- Exercise requirements
Every line with the string "Outdoor" in it belongs in your answer, so copy them all from the data.

- Provided material
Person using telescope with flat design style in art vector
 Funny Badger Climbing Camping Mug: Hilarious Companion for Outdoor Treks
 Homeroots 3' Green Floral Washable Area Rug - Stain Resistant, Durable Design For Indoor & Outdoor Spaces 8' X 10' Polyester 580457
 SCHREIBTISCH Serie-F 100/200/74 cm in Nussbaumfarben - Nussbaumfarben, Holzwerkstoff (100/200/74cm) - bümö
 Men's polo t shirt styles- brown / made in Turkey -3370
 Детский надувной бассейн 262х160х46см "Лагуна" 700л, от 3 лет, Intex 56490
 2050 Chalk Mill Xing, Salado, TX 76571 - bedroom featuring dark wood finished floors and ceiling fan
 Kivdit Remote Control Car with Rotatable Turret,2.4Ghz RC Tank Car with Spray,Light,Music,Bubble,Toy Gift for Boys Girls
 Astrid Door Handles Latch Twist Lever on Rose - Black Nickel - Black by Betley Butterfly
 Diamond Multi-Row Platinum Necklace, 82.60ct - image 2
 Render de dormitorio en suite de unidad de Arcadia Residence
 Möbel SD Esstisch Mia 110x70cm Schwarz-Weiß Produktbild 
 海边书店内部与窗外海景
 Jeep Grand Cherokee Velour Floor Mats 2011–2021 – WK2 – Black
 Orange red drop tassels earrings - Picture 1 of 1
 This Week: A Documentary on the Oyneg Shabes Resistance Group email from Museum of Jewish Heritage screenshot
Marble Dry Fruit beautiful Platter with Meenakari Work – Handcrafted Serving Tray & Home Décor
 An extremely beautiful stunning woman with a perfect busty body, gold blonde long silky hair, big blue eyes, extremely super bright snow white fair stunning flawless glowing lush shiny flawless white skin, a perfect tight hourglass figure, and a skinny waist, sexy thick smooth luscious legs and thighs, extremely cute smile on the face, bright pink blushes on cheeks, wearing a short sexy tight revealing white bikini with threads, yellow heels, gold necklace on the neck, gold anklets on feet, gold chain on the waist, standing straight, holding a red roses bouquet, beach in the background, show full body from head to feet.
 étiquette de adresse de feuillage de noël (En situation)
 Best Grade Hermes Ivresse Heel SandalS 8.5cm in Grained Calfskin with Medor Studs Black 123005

- Result of the exercise
 Funny Badger Climbing Camping Mug: Hilarious Companion for Outdoor Treks
 Homeroots 3' Green Floral Washable Area Rug - Stain Resistant, Durable Design For Indoor & Outdoor Spaces 8' X 10' Polyester 580457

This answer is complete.